# Exploring Coincidences with a Cross-Verified database of Notable people

***Student:*** Lais Isabelle ALVES DOS SANTOS

## Libraries

In [46]:
# Libraries
import numpy as np
import pandas as pd
import pypopulation as pp
import country_converter as coco

from math import log
from geopy import distance as dist
from countryinfo import CountryInfo as ci

## Data loading and pre-processing

In [30]:
df = pd.read_csv('../database/cross-verified-database.csv', 
                 encoding='latin-1',
                 delimiter=',',
                 usecols=['name', 'birth', 'death', 'level1_main_occ', 'gender', 'bplo1', 'dplo1', 'bpla1', 'dpla1', 'area1_of_rattachment']
                 )

In [31]:
# Replace some names to clarify the use of the dataset
df.rename(columns={"level1_main_occ": "domain", 
                   "bplo1": "birth_longitude", 
                   "dplo1": "death_longitude", 
                   "bpla1": "birth_latitude", 
                   "dpla1": "death_latitude",
                   "area1_of_rattachment": "country"}, inplace=True)
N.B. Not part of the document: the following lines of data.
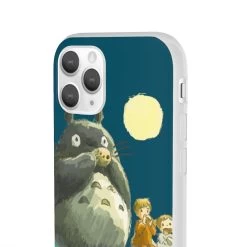 My Neighbor Totoro By The Moon IPhone Cases -Ghibli Shop 62580 202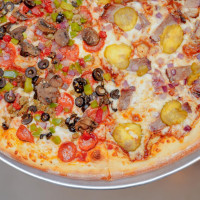 Toss Pizzeria and Pub food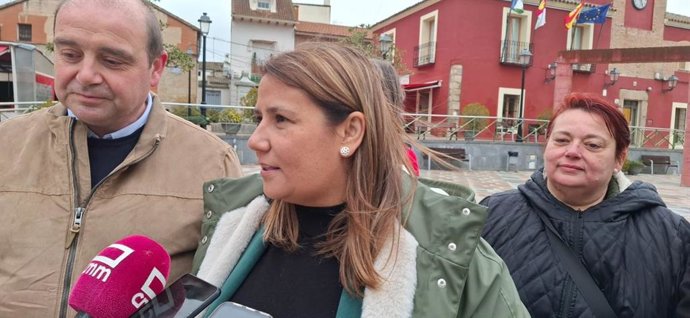 La presidenta de la Ejecutiva del PSOE en la provincia de Toledo, Tita García Élez.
# Leave only notable people from 'Discovery/Science'
df = df[df.domain == 'Leadership']

# Remove countries with names out of pattern
df = df[df.country != 'Old_(before_year_1990_AD)_Germany']
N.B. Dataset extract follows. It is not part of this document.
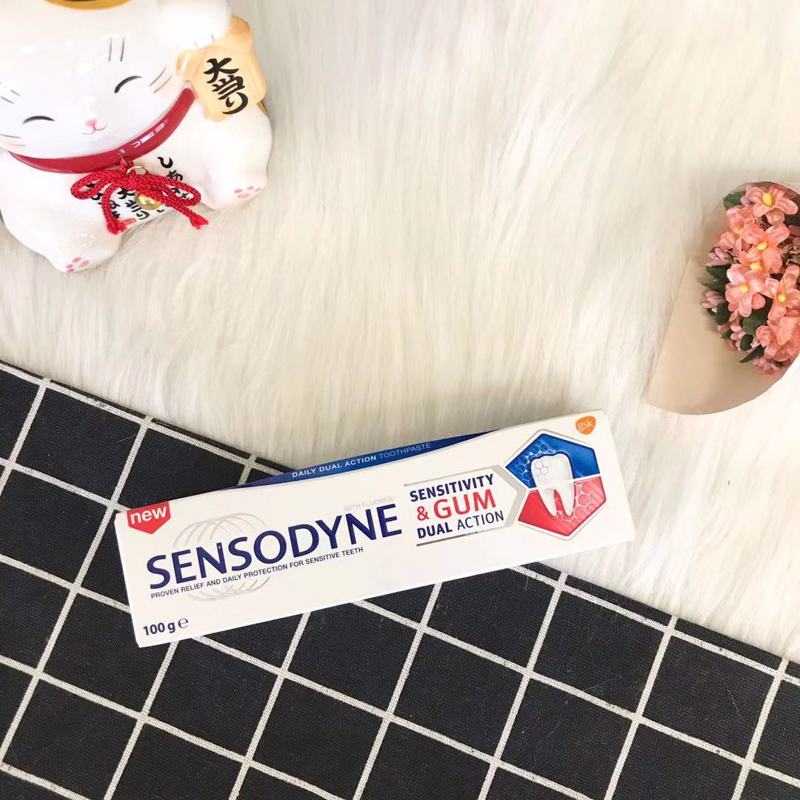 Sensodyne 舒适达牙龈护理抗敏感牙膏100g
# Drop all the rows with nan values
df = df.dropna()

# Reset indices
df.reset_index(drop=True)

Unnamed: 0,birth,death,gender,domain,name,country,birth_longitude,death_longitude,birth_latitude,death_latitude
0,1884.0,1962.0,Male,Leadership,Joseph_C._O'Mahoney,US,-71.033333,-77.094643,42.391666,38.984825
1,1900.0,1972.0,Male,Leadership,Myron_V._George,US,-95.242500,-95.269699,37.568600,37.339199
2,1858.0,1932.0,Male,Leadership,Frank_P._Coburn,US,-91.086700,-91.233055,43.899700,43.813332
3,1907.0,1992.0,Male,Leadership,Meade_Alcorn,US,-98.579498,-72.691109,39.828175,41.983334
4,1844.0,1911.0,Male,Leadership,James_P._Latta,US,-82.315277,-92.462952,40.866943,44.023399
...,...,...,...,...,...,...,...,...,...,...
184288,1918.0,2006.0,Male,Leadership,Charles_Cutler,Australia,148.016663,149.101105,-33.383335,-33.281666
184289,1941.0,2012.0,Male,Leadership,Hans_Angerer_(Beamter),Germany,13.004167,11.575000,47.631390,48.137501
184290,1901.0,1942.0,Male,Leadership,Primo_Longobardo,Italy,9.408330,-30.000000,41.214241,0.000000
184291,1928.0,2018.0,Male,Leadership,John_Hall_Buchanan_Jr.,US,-88.313889,-77.152763,36.301109,39.084000


## Compute Unexpectedness

### Description complexity

In [71]:
def compute_description(lat_p1, lat_p2, long_p1, long_p2, const=20):
    d_p1 = (lat_p1, long_p1)
    d_p2 = (lat_p2, long_p2)

    distance = dist.distance(d_p1, d_p2).km
    print('dist: ', distance)
    print('cdist: ', log(1 + distance/const, 2))

    return int(log(1 + distance/const, 2))
    

### Generation complexity

In [74]:
def compute_generation(country):
    country_iso2 = coco.convert(names=[country], to='ISO2')
    pop = pp.get_population(country_iso2)
    area = ci(country).area()

    print('cpop:', log(pop, 2))
    print('carea:', log(area, 2))

    return int(log(pop, 2) + log(area, 2))

### Unexpectedness

In [77]:
unexpectedness = np.zeros(shape=(8,4,4))
for i in range(1):
    print(df['name'].values[i])
    for j in range(3):
        
        if (df['country'].values[i] == df['country'].values[j] and i != j):
            
            print(df['name'].values[j])
            desc = compute_description(df['birth_latitude'].values[i], df['birth_latitude'].values[j], df['birth_longitude'].values[i], df['birth_longitude'].values[j], const=1)
            gene = compute_generation(df['country'].values[i])
            print('desc:', desc)
            print('gene:', gene)
            print('result:', gene-desc)

Joseph_C._O'Mahoney
Myron_V._George
dist:  2128.07606804867
cdist:  11.0560117802654


cpop: 28.290173721908857
carea: 23.198968181339982
desc: 11
gene: 51
result: 40
Frank_P._Coburn
dist:  1635.8159999713694
cdist:  10.676676437354624
cpop: 28.290173721908857
carea: 23.198968181339982
desc: 10
gene: 51
result: 41


Questions:
1. How to compute the generation complexity when the country of different people are considered? We just sum up in the generation?
2. Should I consider the `const` value?